Please, without any pictures, set down exactly the part of the listing below that opens with the line containing "This way you'll" and closes with the line containing "These are your".

**Record extracts**
+--

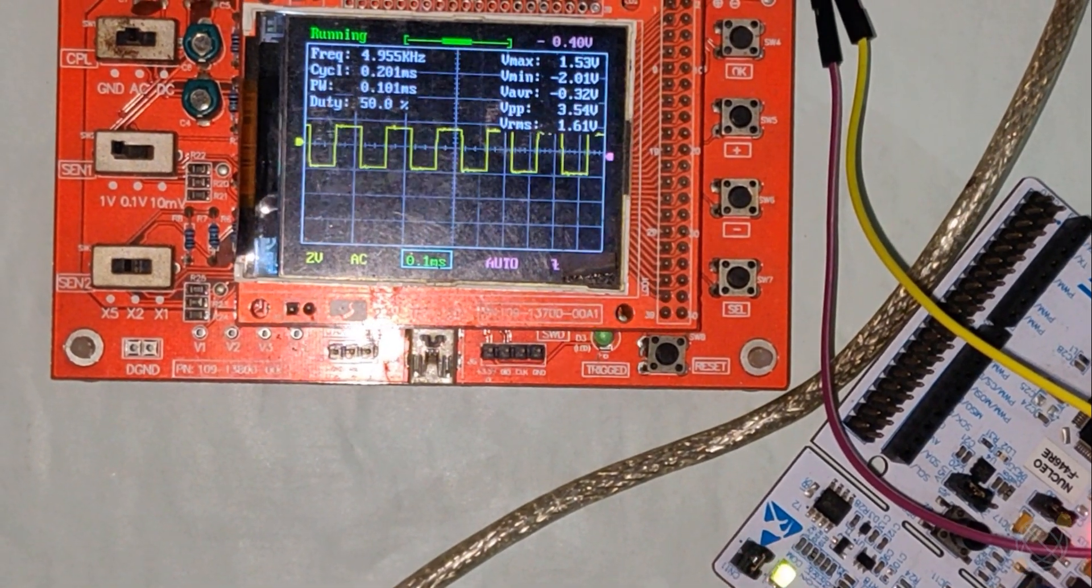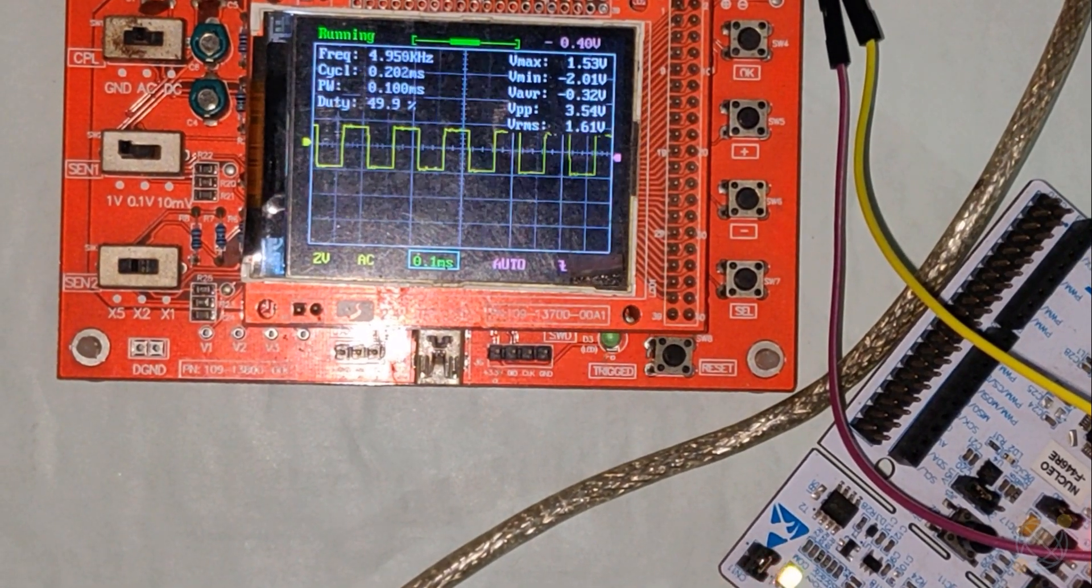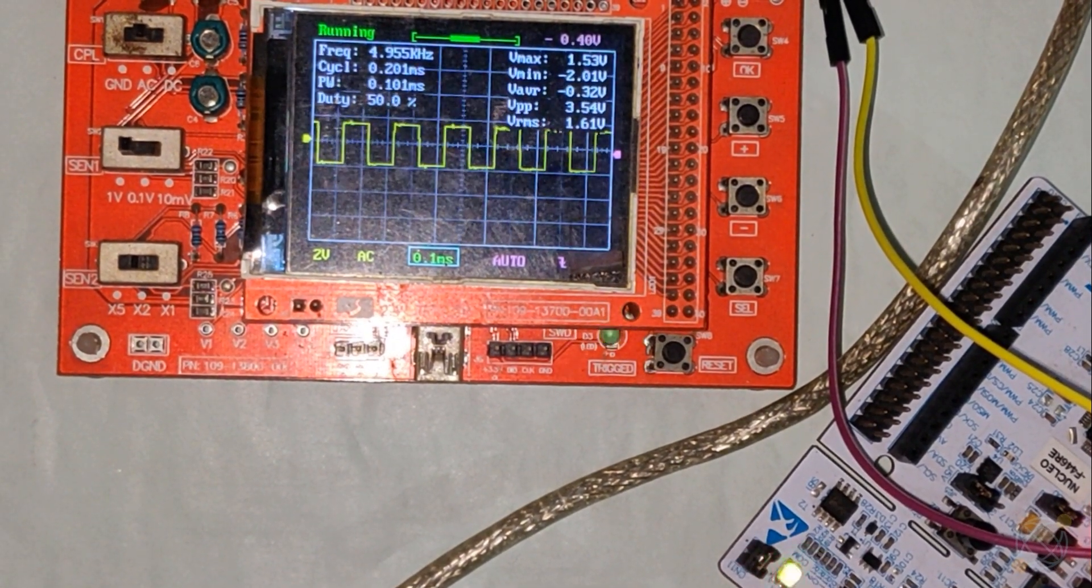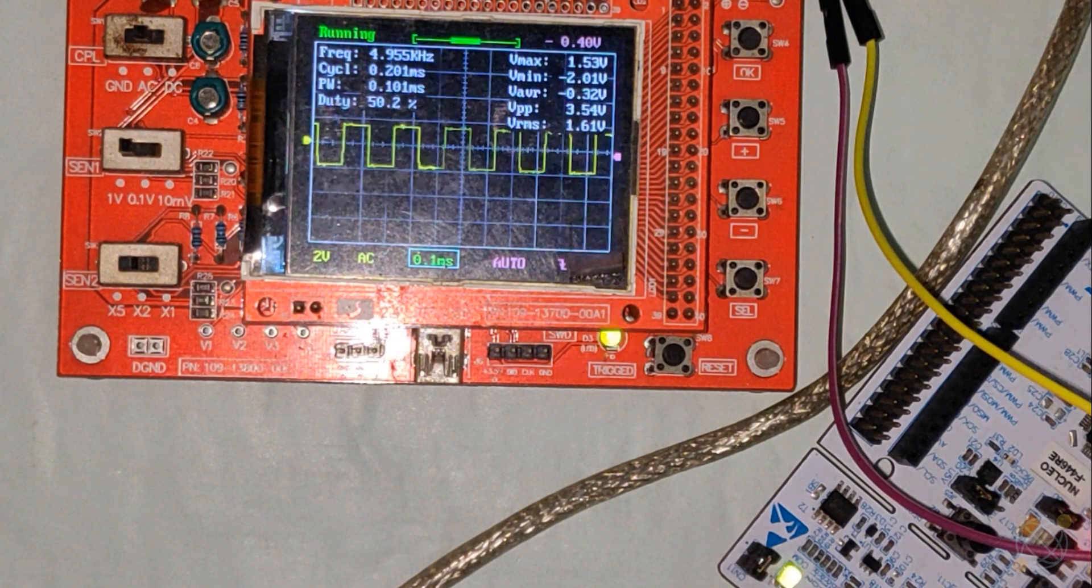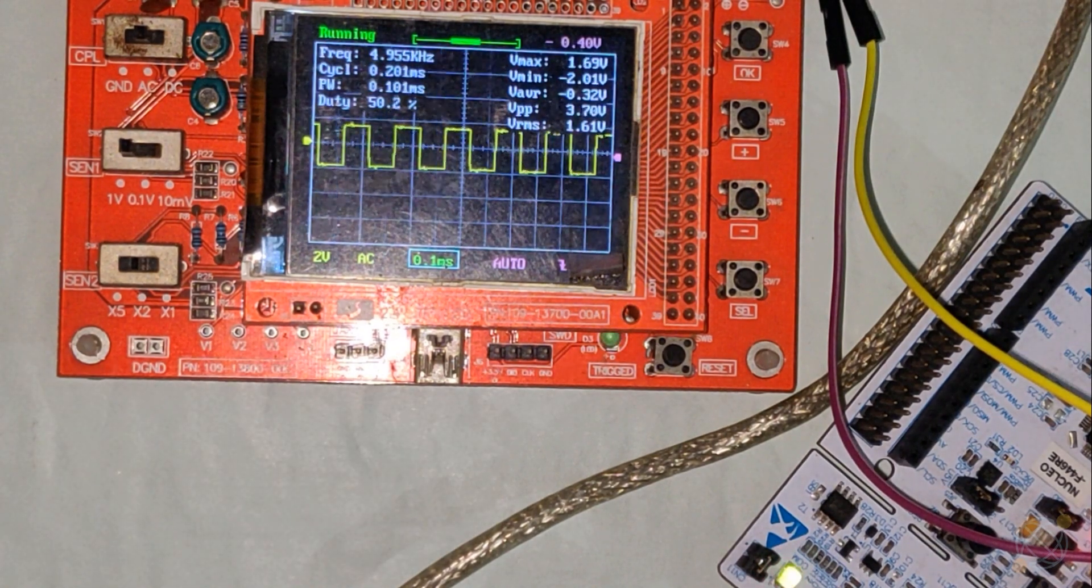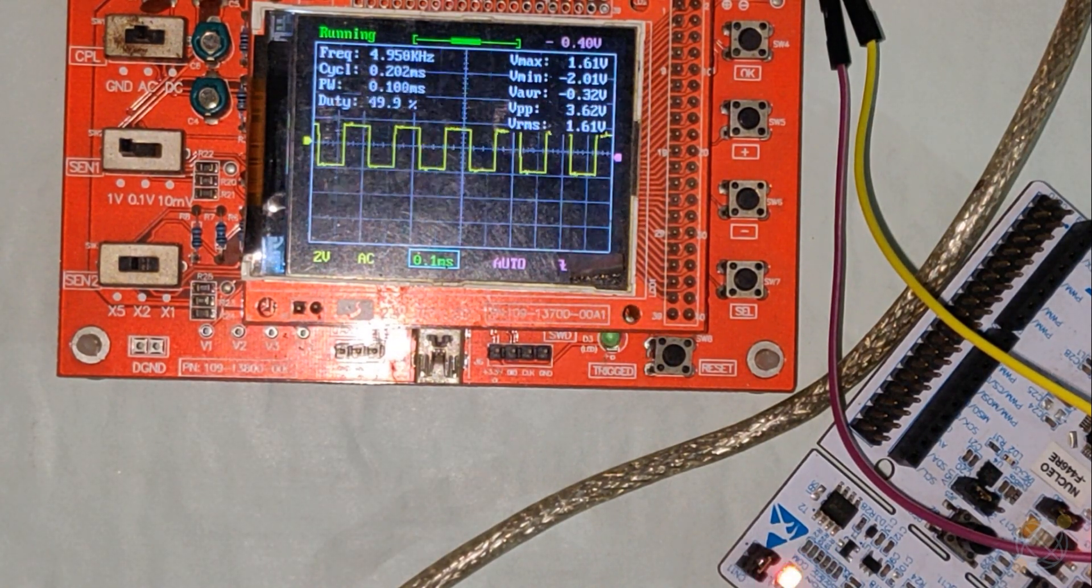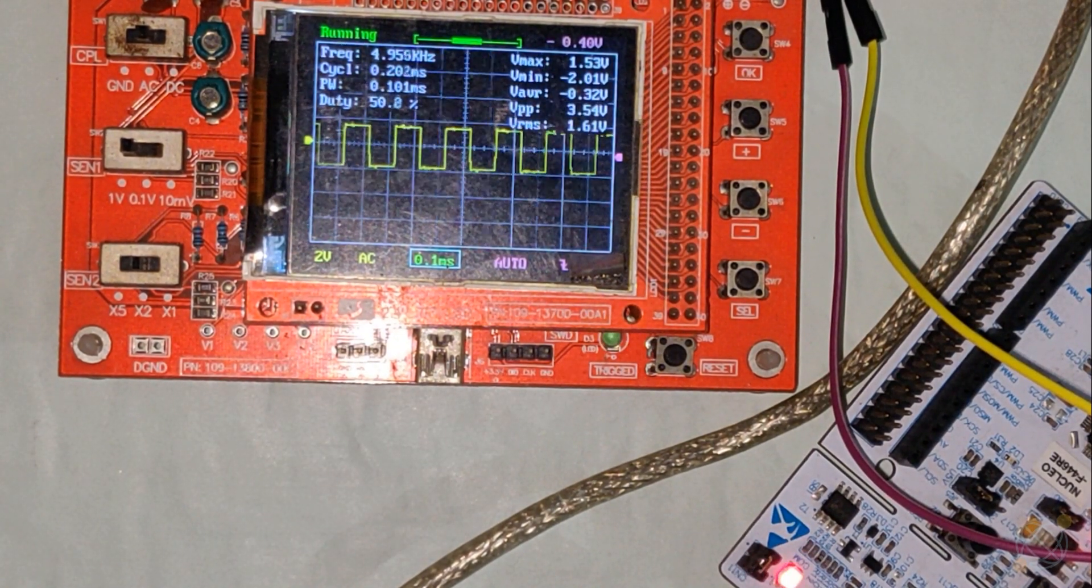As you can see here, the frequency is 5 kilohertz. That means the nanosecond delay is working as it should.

+--

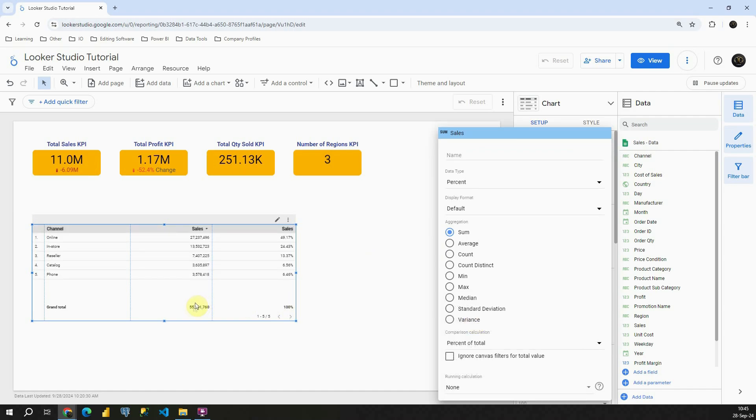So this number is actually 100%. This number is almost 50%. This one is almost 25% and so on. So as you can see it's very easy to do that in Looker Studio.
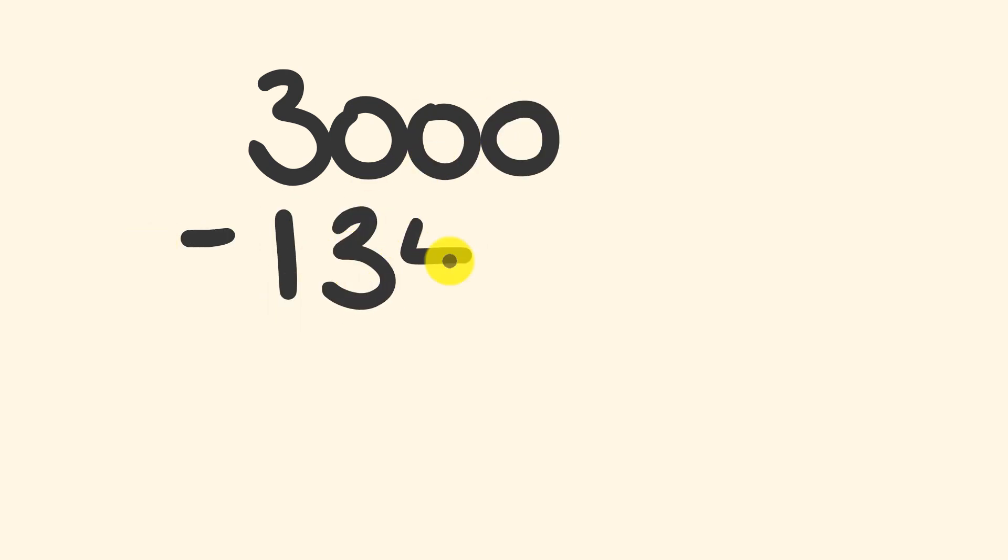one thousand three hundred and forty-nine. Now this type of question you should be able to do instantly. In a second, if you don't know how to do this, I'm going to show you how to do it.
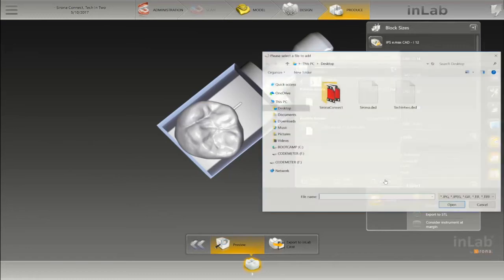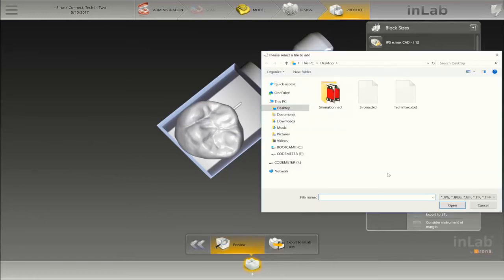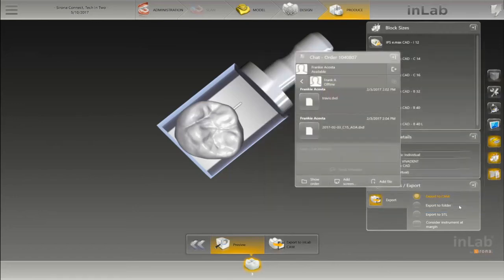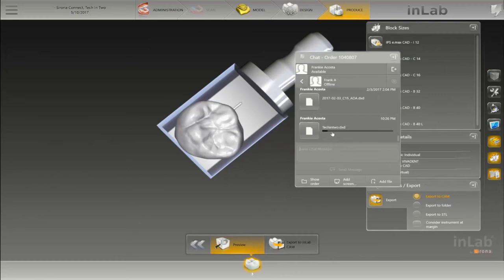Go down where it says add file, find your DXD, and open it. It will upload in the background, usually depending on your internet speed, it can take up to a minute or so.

+--

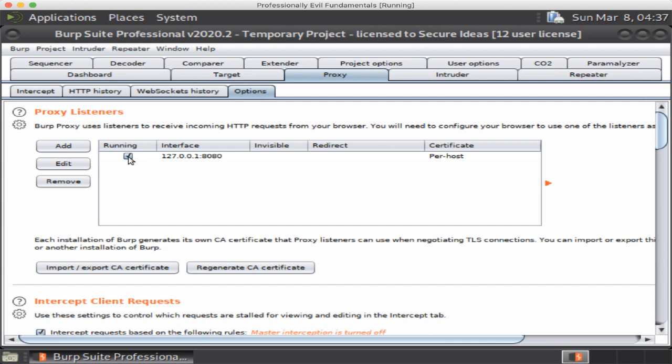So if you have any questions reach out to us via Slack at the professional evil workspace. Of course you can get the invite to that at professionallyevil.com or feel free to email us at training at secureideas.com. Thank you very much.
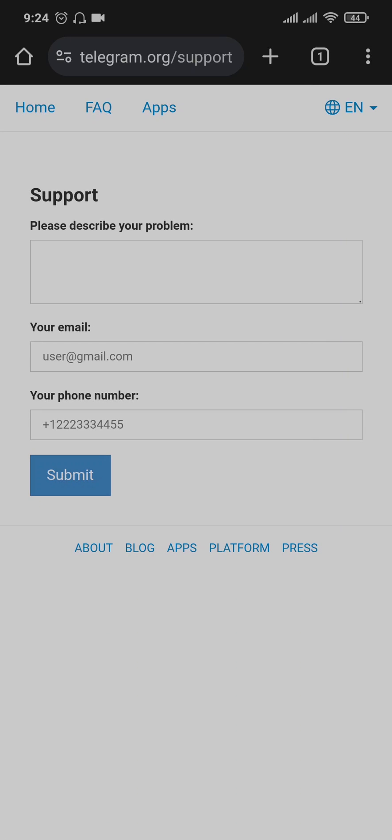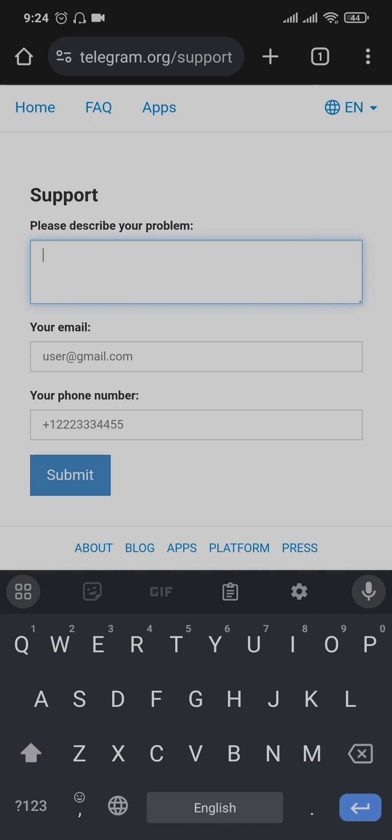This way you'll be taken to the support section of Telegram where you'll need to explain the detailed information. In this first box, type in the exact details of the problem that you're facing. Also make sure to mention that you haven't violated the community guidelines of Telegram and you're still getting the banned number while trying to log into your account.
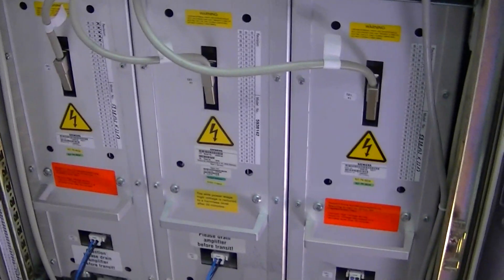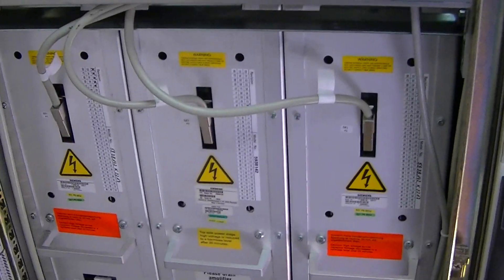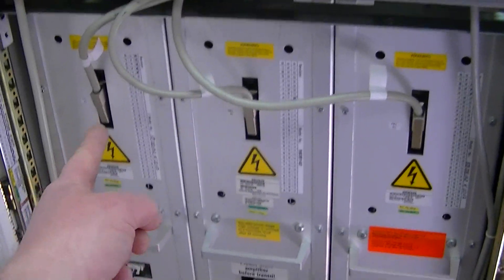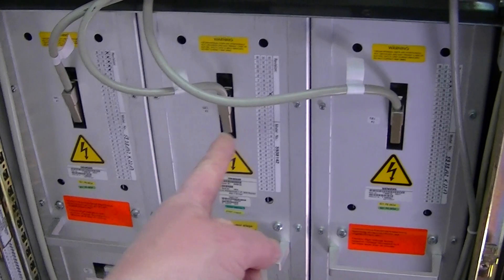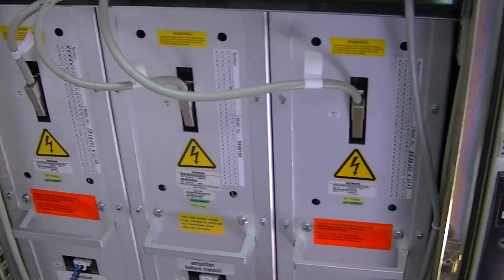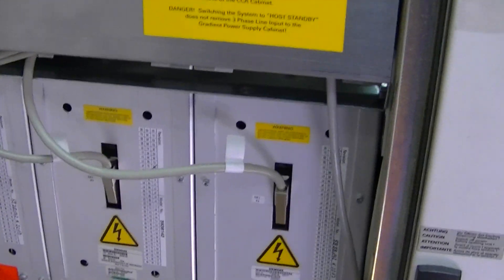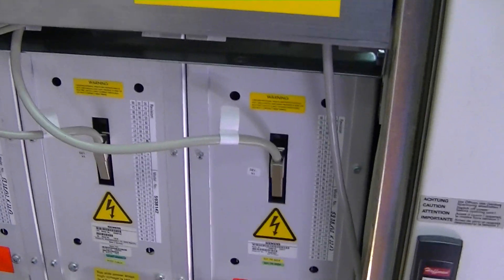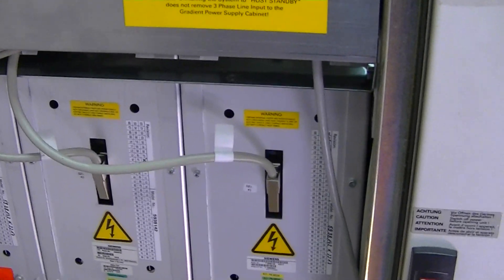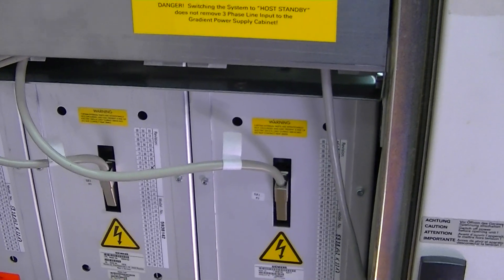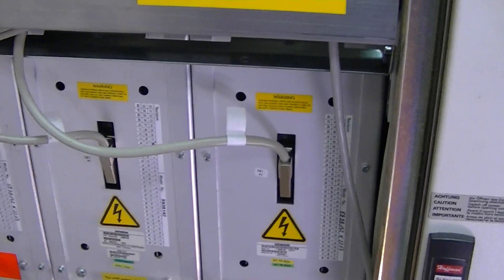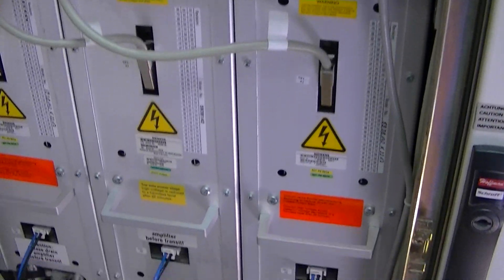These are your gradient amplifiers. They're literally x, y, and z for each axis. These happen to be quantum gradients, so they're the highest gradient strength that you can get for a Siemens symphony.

+--

**Exercise output**
This way you'll be taken to the support section of Telegram where you'll need to explain the detailed information. In this first box, type in the exact details of the problem that you're facing. Also make sure to mention that you haven't violated the community guidelines of Telegram and you're still getting the banned number while trying to log into your account.
These are your gradient amplifiers. They're literally x, y, and z for each axis. These happen to be quantum gradients, so they're the highest gradient strength that you can get for a Siemens symphony.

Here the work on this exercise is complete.